Bank of America a révisé à la hausse ses prévisions de croissance des exportations chinoises pour 2026, les portant à 15 %, invoquant la demande galopante de l'industrie de l'intelligence artificielle comme catalyseur principal de ce relèvement.
Cette nouvelle projection marque une augmentation significative par rapport à l'estimation précédente de la banque et reflète l'accélération des expéditions de matériel lié à l'IA, de semi-conducteurs et de composants électroniques en provenance des usines chinoises. Le secteur exportateur chinois a été un pilier clé de la croissance économique, les expéditions sortantes ayant augmenté de 5,9 % en 2024 et conservé leur dynamique en 2025, selon les données douanières.
« La chaîne d'approvisionnement chinoise dans l'IA devient un moteur structurel des exportations, couvrant tout, des équipements de centres de données aux intrants de fabrication avancée », a déclaré Helen Qiao, économiste en chef pour la Chine chez Bank of America. « Ce relèvement reflète à la fois la croissance des volumes et l'amélioration des valeurs unitaires à mesure que les producteurs chinois montent en gamme. »
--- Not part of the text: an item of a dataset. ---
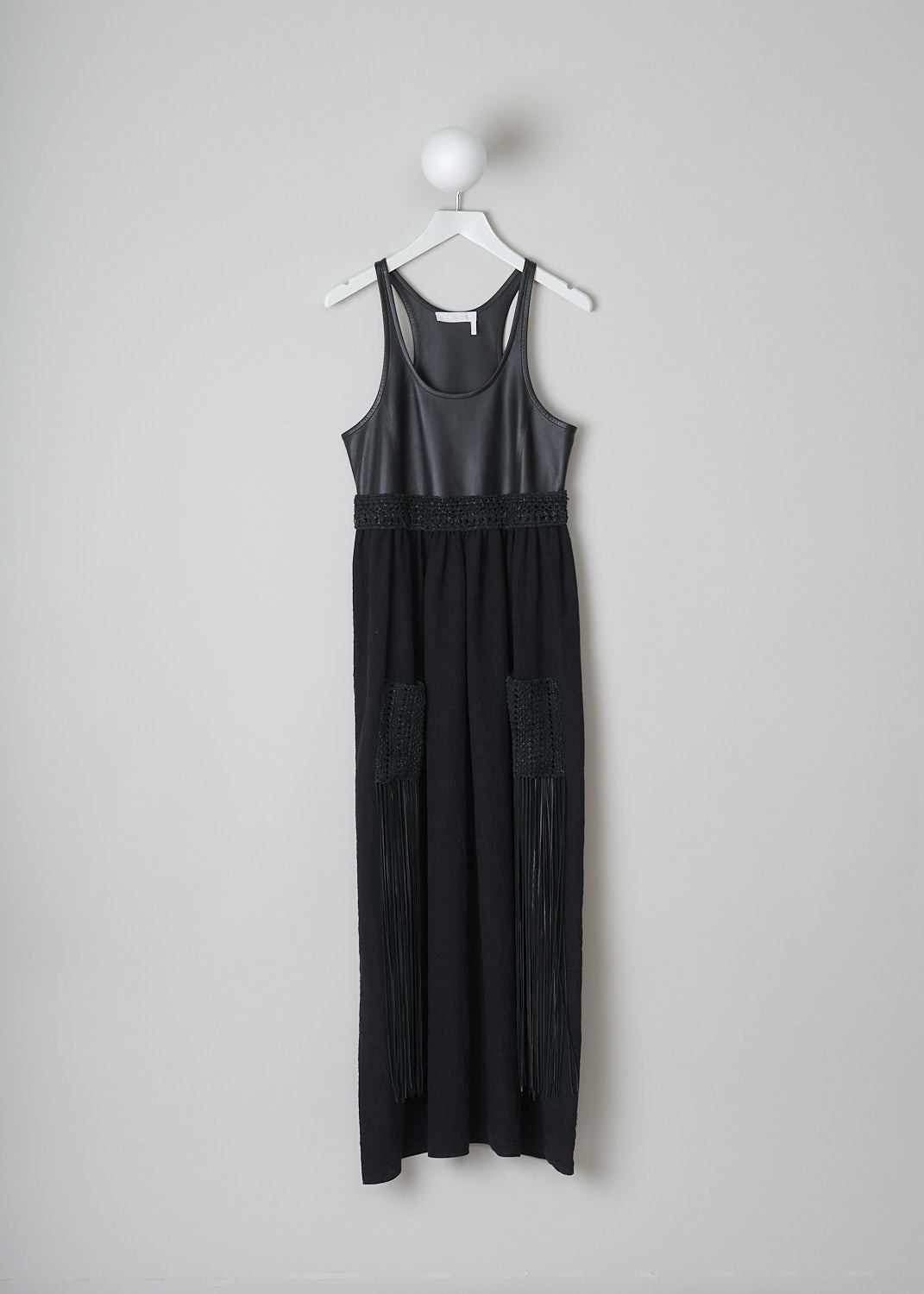 CHLOÃ‰, SLEEVELESS MULTI-FABRIC DRESS, CHC22SRO55035001_BLACK, Black, Front, This sleeveless midi dress has a black leather bodice with a U-neckline. A braided leather belt separates the bodice from the black linen maxi length skirt. On the skirt, two braided leather patch pockets with long fringes can be found.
Cette révision intervient alors que les entreprises technologiques mondiales intensifient leurs dépenses d'investissement dans les infrastructures d'IA. Les exportations chinoises de circuits intégrés ont atteint 159 milliards de dollars en 2024, en hausse de 18 % sur un an, tandis que les exportations d'équipements de traitement automatique des données — une catégorie incluant les serveurs et les équipements de réseau — ont augmenté de 12 % sur la même période, selon l'Administration générale des douanes. La dernière période comparable d'accélération rapide des exportations remonte à 2021, lorsque les expéditions chinoises avaient bondi de 30 % grâce au rebond de la demande mondiale post-pandémique, bien que ce rythme ait été alimenté par les biens de consommation plutôt que par la technologie industrielle.
Ce relèvement a des implications qui dépassent les seules données commerciales. La machine exportatrice chinoise a été confrontée à des vents contraires liés aux droits de douane élevés imposés par les États-Unis et l'Union européenne, Washington maintenant un taux tarifaire moyen d'environ 19 % sur les produits chinois après de multiples escalades depuis 2018. Les précédents droits de douane de 25 % sur 250 milliards de dollars d'importations chinoises en 2019 ont réduit les flux commerciaux bilatéraux d'environ 16 % au cours des 12 mois suivants, selon une étude de la Réserve fédérale. Pourtant, la demande tirée par l'IA semble compenser une partie de ce frein, en particulier pour les composants à plus forte valeur ajoutée qui sont confrontés à moins d'obstacles tarifaires directs.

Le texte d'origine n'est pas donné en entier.